Brooklyn-based artist and teacher Niaren Binford is striving to highlight and depict the beauty, style and grace of women of color in her artwork.
Binford, who has loved art for as long as she can remember, is a second-grade teacher who has been teaching children art since when she was in high school.
“I started becoming an artist from when I could pick up a pencil,” said Binford. “My mom noticed my talent from when I was about 2 years old and ever since then she’s been putting me in art classes. It’s been a growing process throughout my young life.
“When I was in fourth grade, I had a teacher who gave me a compliment that I was a good artist, and she always pushed me into the art field. Ever since then I’ve been in arts—anything that has to do with the arts, I am in it.”

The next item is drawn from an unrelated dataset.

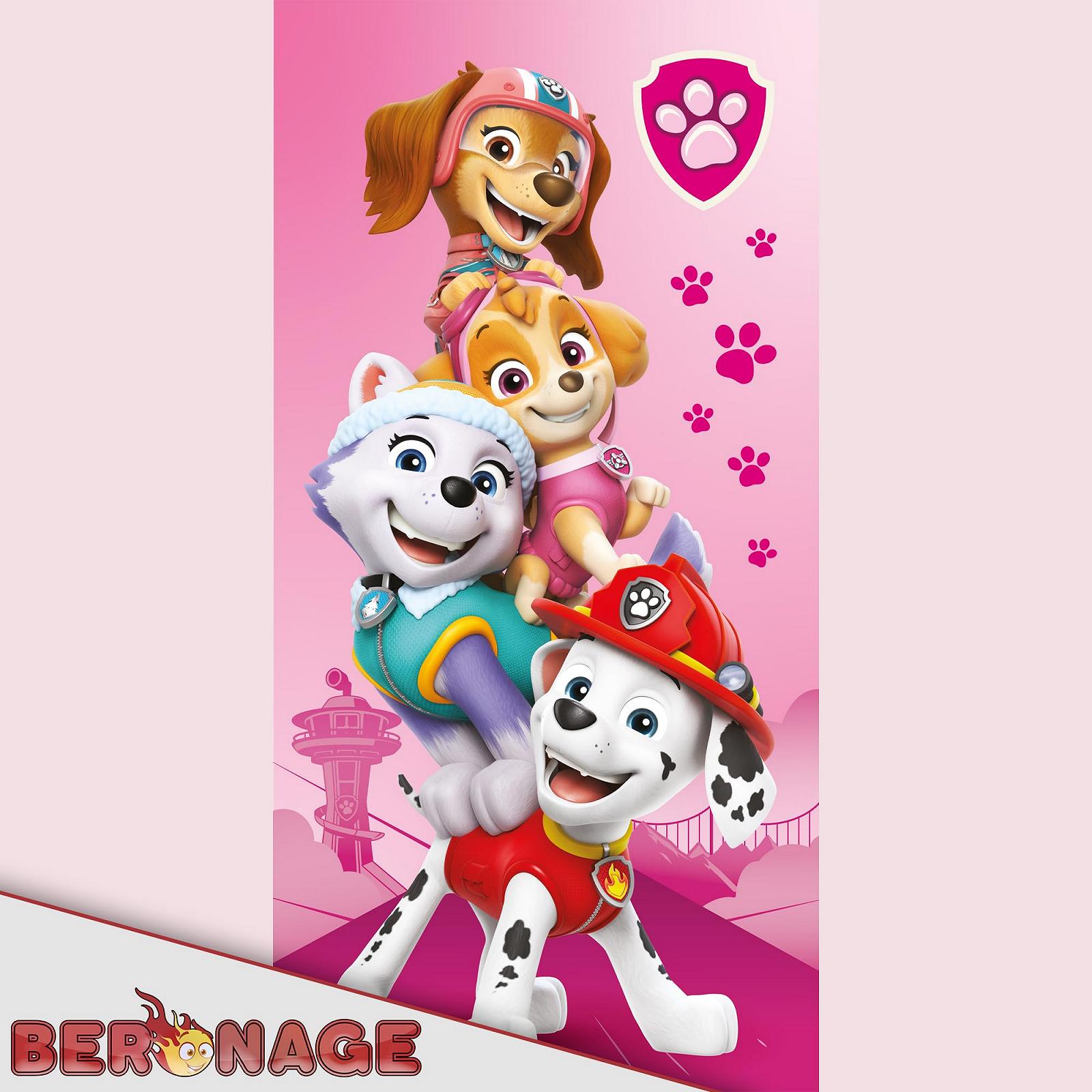 Детский спальный мешок Paw Patrol Розовый 140 см + 30 см (капюшон) x 70 см с молнией, фото №4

Having graduated from Adelphi University with her BA in arts and MA in education, Binford enjoys working with many different elements of arts, such as painting, drawings, murals, designs, illustration and mixed media collage. She is best known for her drawings of female subjects and draws her inspiration from everyday life and walking through the streets of New York City. Binford created a series called the “Curly Girl Series,” which is inspired by women of color from many walks of life.
“My ‘Curly Girl Series’ is all about giving Black women a place in the art world,” stated Binford. “As I was growing up and as an African-American woman, in my college I didn’t see a lot of African-Americans being portrayed in art. It was always European and classical ideals of beauty. In college I didn’t learn how to paint Black skin. I made it my mission to give Black women a place in the art world.”
Binford’s artwork has been featured in various exhibitions in Brooklyn. She also does shows around New York City. Binford has worked on independent projects with various clients and has illustrated several children’s books. She is currently illustrating a new children’s book and is continuing to work on her “Curly Girl Series.”
“I believe that artists have a big role in changing society because art imitates life,” said Binford. “Painting and capturing the true essence of a person is freeing, and that is a part of what makes art beauty.”